(Recorded data)
###
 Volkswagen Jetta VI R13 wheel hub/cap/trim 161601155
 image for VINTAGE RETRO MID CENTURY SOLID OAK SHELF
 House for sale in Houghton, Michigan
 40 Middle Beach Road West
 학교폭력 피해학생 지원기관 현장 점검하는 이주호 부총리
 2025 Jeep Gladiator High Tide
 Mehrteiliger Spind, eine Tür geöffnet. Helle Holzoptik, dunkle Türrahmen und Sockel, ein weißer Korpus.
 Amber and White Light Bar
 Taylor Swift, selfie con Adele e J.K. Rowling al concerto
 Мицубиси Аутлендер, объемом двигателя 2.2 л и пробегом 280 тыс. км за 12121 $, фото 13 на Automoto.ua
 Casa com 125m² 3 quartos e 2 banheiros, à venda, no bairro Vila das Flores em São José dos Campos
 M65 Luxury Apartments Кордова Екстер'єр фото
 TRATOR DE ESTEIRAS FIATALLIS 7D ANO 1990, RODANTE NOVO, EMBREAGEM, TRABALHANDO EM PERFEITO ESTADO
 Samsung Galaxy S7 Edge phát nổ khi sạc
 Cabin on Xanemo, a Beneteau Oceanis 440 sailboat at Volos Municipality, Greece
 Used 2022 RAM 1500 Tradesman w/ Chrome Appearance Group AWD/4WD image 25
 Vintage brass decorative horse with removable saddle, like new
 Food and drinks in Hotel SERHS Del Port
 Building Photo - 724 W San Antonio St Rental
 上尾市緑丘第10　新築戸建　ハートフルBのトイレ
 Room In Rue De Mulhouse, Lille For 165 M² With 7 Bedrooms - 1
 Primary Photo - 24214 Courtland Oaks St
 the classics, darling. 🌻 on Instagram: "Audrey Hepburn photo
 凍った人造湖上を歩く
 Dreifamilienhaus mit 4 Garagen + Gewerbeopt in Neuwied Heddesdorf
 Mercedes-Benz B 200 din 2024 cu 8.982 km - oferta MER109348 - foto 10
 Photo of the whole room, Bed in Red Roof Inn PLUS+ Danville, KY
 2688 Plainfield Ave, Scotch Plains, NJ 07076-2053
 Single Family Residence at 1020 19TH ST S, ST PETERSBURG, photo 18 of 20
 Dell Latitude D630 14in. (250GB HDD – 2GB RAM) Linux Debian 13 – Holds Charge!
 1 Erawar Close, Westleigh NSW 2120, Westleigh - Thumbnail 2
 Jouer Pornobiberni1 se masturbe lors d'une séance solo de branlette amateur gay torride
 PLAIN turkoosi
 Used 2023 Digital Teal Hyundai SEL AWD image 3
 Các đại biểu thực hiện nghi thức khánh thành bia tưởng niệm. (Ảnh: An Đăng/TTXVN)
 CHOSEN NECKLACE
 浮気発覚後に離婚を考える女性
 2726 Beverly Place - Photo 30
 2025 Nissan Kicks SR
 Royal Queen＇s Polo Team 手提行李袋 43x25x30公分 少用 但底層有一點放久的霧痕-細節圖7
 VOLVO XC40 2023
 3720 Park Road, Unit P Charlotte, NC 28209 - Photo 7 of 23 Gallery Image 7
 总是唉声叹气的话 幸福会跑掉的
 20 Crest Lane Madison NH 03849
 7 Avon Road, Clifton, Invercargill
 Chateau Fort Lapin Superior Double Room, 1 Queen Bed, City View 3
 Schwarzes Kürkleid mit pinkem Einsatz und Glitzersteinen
###
(What to do) The records above should be printed exactly, please, from the first line through the line containing "1 Erawar Close, Westleigh", with both ends kept and nothing past it.

(Response for this exercise)
 Volkswagen Jetta VI R13 wheel hub/cap/trim 161601155
 image for VINTAGE RETRO MID CENTURY SOLID OAK SHELF
 House for sale in Houghton, Michigan
 40 Middle Beach Road West
 학교폭력 피해학생 지원기관 현장 점검하는 이주호 부총리
 2025 Jeep Gladiator High Tide
 Mehrteiliger Spind, eine Tür geöffnet. Helle Holzoptik, dunkle Türrahmen und Sockel, ein weißer Korpus.
 Amber and White Light Bar
 Taylor Swift, selfie con Adele e J.K. Rowling al concerto
 Мицубиси Аутлендер, объемом двигателя 2.2 л и пробегом 280 тыс. км за 12121 $, фото 13 на Automoto.ua
 Casa com 125m² 3 quartos e 2 banheiros, à venda, no bairro Vila das Flores em São José dos Campos
 M65 Luxury Apartments Кордова Екстер'єр фото
 TRATOR DE ESTEIRAS FIATALLIS 7D ANO 1990, RODANTE NOVO, EMBREAGEM, TRABALHANDO EM PERFEITO ESTADO
 Samsung Galaxy S7 Edge phát nổ khi sạc
 Cabin on Xanemo, a Beneteau Oceanis 440 sailboat at Volos Municipality, Greece
 Used 2022 RAM 1500 Tradesman w/ Chrome Appearance Group AWD/4WD image 25
 Vintage brass decorative horse with removable saddle, like new
 Food and drinks in Hotel SERHS Del Port
 Building Photo - 724 W San Antonio St Rental
 上尾市緑丘第10　新築戸建　ハートフルBのトイレ
 Room In Rue De Mulhouse, Lille For 165 M² With 7 Bedrooms - 1
 Primary Photo - 24214 Courtland Oaks St
 the classics, darling. 🌻 on Instagram: "Audrey Hepburn photo
 凍った人造湖上を歩く
 Dreifamilienhaus mit 4 Garagen + Gewerbeopt in Neuwied Heddesdorf
 Mercedes-Benz B 200 din 2024 cu 8.982 km - oferta MER109348 - foto 10
 Photo of the whole room, Bed in Red Roof Inn PLUS+ Danville, KY
 2688 Plainfield Ave, Scotch Plains, NJ 07076-2053
 Single Family Residence at 1020 19TH ST S, ST PETERSBURG, photo 18 of 20
 Dell Latitude D630 14in. (250GB HDD – 2GB RAM) Linux Debian 13 – Holds Charge!
 1 Erawar Close, Westleigh NSW 2120, Westleigh - Thumbnail 2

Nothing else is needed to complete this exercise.